■ **PROBLEM DETAILS**
Find, in the records below, the line that contains "LMC6482AIM datasheet pdf 1 page" and the line that contains "Diamond Enhancer Ring". Copy those two lines and everything between them exactly, but not the pictures.
(Beginning of RECORDS TO PROCESS)
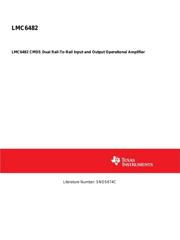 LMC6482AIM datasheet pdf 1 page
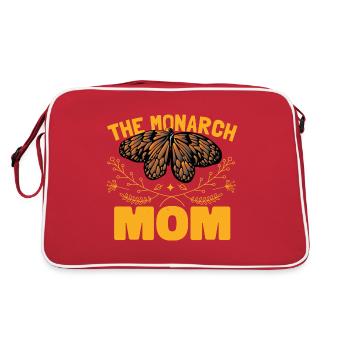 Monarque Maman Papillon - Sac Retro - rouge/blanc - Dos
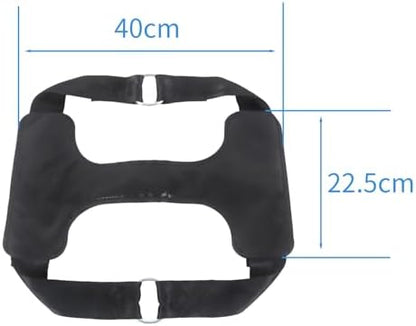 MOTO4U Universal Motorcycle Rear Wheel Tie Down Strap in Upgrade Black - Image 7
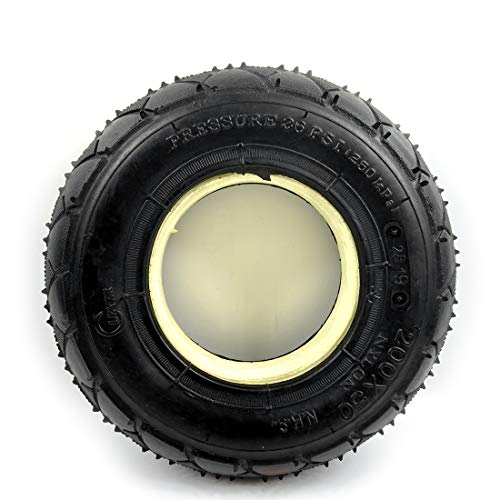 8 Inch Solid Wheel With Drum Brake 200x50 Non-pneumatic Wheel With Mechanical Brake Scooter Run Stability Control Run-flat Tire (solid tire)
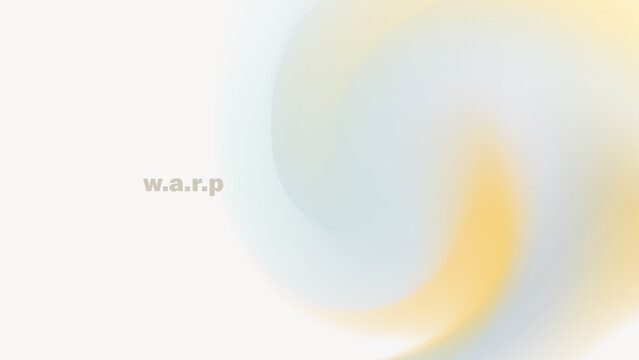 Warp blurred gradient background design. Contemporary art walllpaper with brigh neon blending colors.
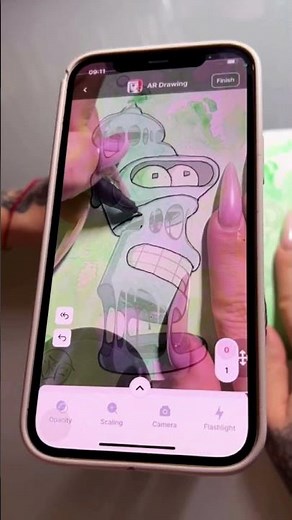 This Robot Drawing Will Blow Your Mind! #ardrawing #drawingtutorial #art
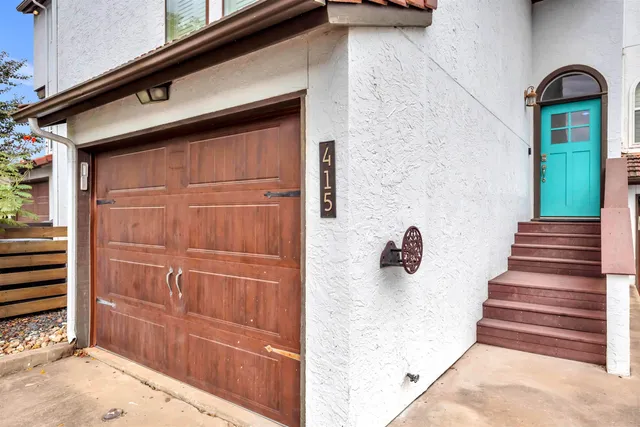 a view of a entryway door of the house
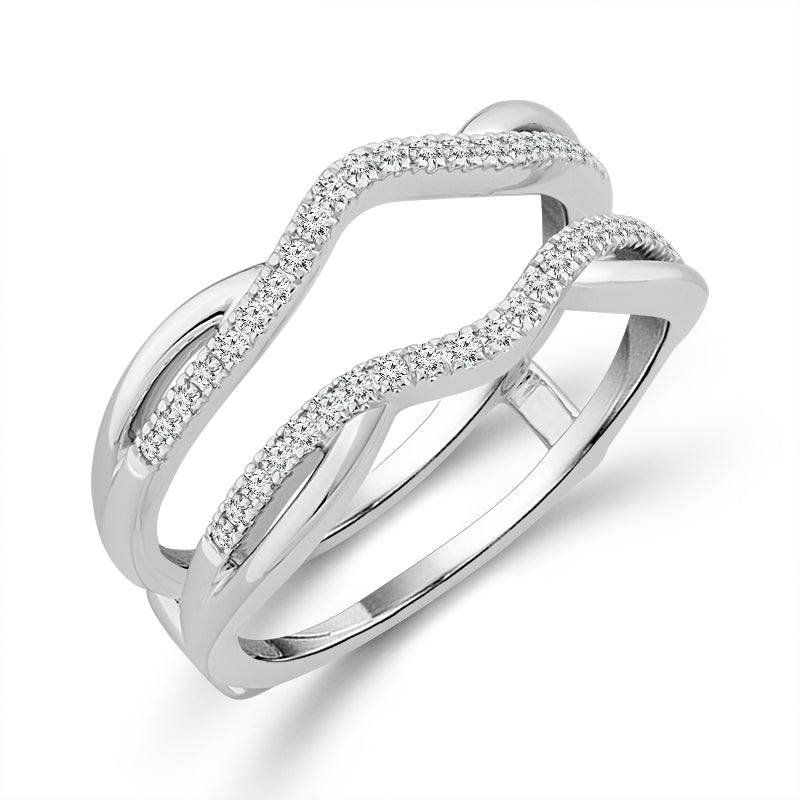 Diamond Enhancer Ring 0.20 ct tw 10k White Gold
(End of RECORDS TO PROCESS)
(Beginning of RECORDS TO PROCESS)
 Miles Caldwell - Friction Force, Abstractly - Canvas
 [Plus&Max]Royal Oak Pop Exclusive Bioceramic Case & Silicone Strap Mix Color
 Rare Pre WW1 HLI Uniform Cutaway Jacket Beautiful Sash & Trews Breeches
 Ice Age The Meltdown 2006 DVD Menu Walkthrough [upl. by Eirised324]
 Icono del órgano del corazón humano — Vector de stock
(End of RECORDS TO PROCESS)
(Beginning of RECORDS TO PROCESS)
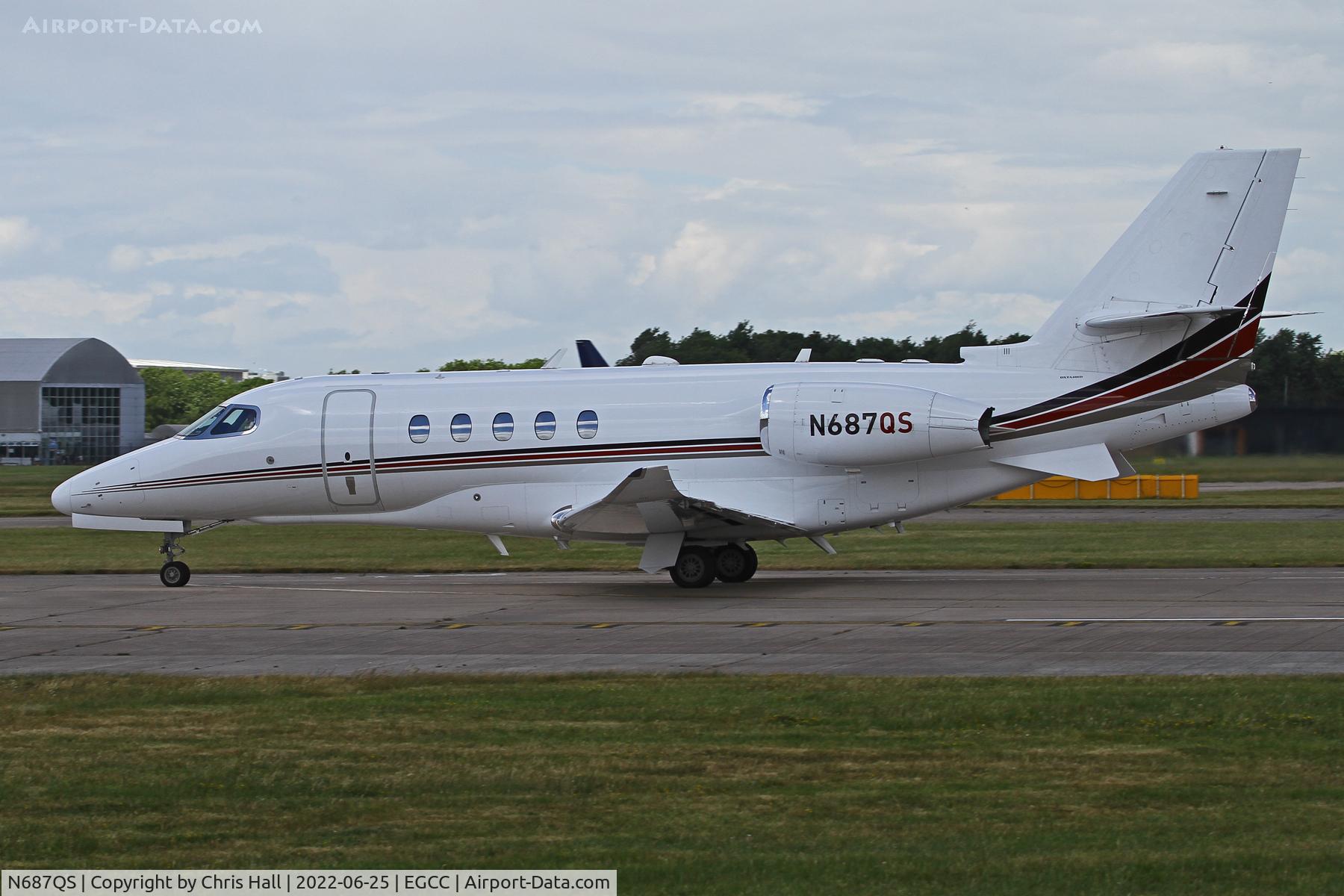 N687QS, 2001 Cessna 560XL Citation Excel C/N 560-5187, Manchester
(End of RECORDS TO PROCESS)
■ **ANSWER TO THE EXERCISE**
 LMC6482AIM datasheet pdf 1 page
 Monarque Maman Papillon - Sac Retro - rouge/blanc - Dos
 MOTO4U Universal Motorcycle Rear Wheel Tie Down Strap in Upgrade Black - Image 7
 8 Inch Solid Wheel With Drum Brake 200x50 Non-pneumatic Wheel With Mechanical Brake Scooter Run Stability Control Run-flat Tire (solid tire)
 Warp blurred gradient background design. Contemporary art walllpaper with brigh neon blending colors.
 This Robot Drawing Will Blow Your Mind! #ardrawing #drawingtutorial #art
 a view of a entryway door of the house
 Diamond Enhancer Ring 0.20 ct tw 10k White Gold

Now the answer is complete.